For now, in Washington, such discrimination is illegal under our Civil Rights Act. But government and corporate insiders want to repeal those rights through Initiative 1000 (I-1000). This represents the ultimate betrayal to our parents, grandparents, and great-grandparents who worked so hard and endured harsh racism just to make better lives for their children. We must honor those sacrifices by ensuring Asian children are not denied the dignity, the fairness, and the respect our elders earned for them. We must reject I-1000.

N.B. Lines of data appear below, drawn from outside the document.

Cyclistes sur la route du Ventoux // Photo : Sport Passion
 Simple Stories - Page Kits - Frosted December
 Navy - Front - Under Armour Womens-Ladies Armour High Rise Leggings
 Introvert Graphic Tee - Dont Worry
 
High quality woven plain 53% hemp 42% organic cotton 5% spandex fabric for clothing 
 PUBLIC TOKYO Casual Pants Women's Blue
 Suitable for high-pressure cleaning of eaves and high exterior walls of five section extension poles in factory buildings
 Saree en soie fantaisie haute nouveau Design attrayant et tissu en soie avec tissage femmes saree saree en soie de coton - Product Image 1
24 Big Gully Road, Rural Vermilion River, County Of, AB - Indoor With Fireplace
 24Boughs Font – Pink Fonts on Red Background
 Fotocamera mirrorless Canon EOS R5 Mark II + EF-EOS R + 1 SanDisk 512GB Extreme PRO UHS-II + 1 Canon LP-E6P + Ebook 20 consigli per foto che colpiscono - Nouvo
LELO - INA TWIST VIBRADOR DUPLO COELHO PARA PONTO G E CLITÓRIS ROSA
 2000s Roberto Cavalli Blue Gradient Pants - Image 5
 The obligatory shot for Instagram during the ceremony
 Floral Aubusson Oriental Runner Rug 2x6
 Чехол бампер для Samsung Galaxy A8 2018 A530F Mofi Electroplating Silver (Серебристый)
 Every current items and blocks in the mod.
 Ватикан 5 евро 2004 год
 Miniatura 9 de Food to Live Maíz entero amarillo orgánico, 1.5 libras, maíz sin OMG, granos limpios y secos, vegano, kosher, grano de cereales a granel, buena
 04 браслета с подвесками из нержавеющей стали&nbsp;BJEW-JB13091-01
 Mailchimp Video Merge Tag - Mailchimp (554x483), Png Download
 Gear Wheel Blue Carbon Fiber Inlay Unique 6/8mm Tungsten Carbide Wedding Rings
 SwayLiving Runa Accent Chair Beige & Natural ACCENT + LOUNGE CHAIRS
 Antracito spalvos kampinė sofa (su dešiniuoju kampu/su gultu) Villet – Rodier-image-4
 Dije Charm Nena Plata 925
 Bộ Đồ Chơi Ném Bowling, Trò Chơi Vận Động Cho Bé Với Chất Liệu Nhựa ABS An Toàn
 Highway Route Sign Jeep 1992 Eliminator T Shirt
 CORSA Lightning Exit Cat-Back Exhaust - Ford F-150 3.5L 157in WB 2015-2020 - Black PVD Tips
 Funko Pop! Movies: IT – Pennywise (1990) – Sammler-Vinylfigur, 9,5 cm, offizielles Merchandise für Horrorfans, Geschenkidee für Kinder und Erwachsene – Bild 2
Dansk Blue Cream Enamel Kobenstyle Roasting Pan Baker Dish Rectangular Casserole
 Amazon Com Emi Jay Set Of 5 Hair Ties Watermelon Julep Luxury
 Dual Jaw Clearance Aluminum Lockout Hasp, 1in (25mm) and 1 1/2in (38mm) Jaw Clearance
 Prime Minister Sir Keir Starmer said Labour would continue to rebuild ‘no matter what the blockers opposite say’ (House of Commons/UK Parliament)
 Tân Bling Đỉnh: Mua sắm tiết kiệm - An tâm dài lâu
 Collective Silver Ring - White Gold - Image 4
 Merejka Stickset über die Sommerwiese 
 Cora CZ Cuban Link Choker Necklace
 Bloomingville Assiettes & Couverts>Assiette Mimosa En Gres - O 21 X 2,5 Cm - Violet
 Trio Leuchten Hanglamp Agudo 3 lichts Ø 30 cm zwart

I-1000 legalizes anti-Asian bias through quotes and caps
The lawsuit against Harvard disclosed what Asian families knew: Colleges and universities discriminate against Asians. Under Harvard’s affirmative action policy, Asians are not invited unless their SAT scores are at least 300 points higher than other groups. Harvard then caps the number of Asians for admission. And even though Asian applicants score significantly higher than all other groups in every objective category, they have the lowest admission rate.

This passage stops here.